“Don’t be so meek, Steve!” she cried. “You’re impossible when you’re that way. What earthly use did you make of all of my training?”

Ventnor smiled mournfully.

“You didn’t begin soon enough, Patty,” he said.

That pleased Patricia and she made a mental resolution that marry Aurora, Steve should, if it lay in her power to accomplish it.

“There’s something wrong with that girl,” she mused, as she watched Aurora and “the Sphynx”—as McLemore was familiarly called—playing the fifth hole. “Anybody who can see anything marriageable in Jimmy McLemore, ought to be carefully confined behind a garden wall. Jimmy! I would as soon think of marrying a statue of Buddha.”

The Blue Wing was out of commission for the summer. Mortimer insisted that no sane man could maintain both a big yacht and a big country place. But Patricia was very happy and watched the development of Steve Ventnor’s romance with a jealous eye. She was obliged to admit, as the summer lengthened into autumn, that after all, the whole thing was very much a matter of golf.

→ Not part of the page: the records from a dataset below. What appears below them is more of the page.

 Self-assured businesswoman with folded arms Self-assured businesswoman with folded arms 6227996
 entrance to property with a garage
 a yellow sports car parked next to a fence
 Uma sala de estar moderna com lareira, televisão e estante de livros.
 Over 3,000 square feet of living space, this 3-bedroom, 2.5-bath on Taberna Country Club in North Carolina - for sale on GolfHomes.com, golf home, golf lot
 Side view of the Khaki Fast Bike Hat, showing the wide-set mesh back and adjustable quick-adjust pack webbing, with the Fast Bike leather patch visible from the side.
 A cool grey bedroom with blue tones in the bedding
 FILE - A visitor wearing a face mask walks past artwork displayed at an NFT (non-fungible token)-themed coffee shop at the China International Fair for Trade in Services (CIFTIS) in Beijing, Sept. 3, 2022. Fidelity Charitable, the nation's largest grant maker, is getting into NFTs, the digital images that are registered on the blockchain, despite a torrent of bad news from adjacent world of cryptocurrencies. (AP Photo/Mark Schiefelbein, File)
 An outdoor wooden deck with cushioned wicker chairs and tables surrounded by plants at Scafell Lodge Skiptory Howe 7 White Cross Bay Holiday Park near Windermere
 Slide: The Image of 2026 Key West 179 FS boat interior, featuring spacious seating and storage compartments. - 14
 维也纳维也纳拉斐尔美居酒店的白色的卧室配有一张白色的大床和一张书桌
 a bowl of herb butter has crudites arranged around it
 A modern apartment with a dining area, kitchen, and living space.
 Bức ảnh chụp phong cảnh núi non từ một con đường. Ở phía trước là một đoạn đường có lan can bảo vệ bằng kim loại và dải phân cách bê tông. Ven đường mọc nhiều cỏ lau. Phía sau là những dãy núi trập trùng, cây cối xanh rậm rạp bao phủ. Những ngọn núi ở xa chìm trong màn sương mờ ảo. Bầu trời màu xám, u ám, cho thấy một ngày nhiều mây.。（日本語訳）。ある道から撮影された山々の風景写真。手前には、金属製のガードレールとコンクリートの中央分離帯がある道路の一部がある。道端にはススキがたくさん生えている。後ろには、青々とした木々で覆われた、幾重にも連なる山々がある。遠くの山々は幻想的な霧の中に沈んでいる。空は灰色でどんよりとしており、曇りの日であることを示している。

Aurora was golf mad, Patricia knew, and when Jimmy McLemore ran down a twenty-foot putt for a “bird” on the sixteenth hole, thereby winning “three up and two” from Steve Ventnor, the golf championship of the Country Club, Patricia detached herself from the “gallery” which had followed the players and made her way sadly to the Club House veranda. Penelope Wharton, her sister, who was fond of Ventnor, followed, the picture of dejection. In the morning round Steve had been “one up”; and the hopes of the two women had run high that their champion would be able to increase his lead during the afternoon, or at least to maintain it against his redoubtable adversary, but after the first few holes the victor had developed one of those “streaks” for which he was famous, and though poor old Steve had played a steady up-hill game, the luck went against him and he knew at the tenth hole that unless McLemore fell over in a fit, the gold cup was lost—for that year at least.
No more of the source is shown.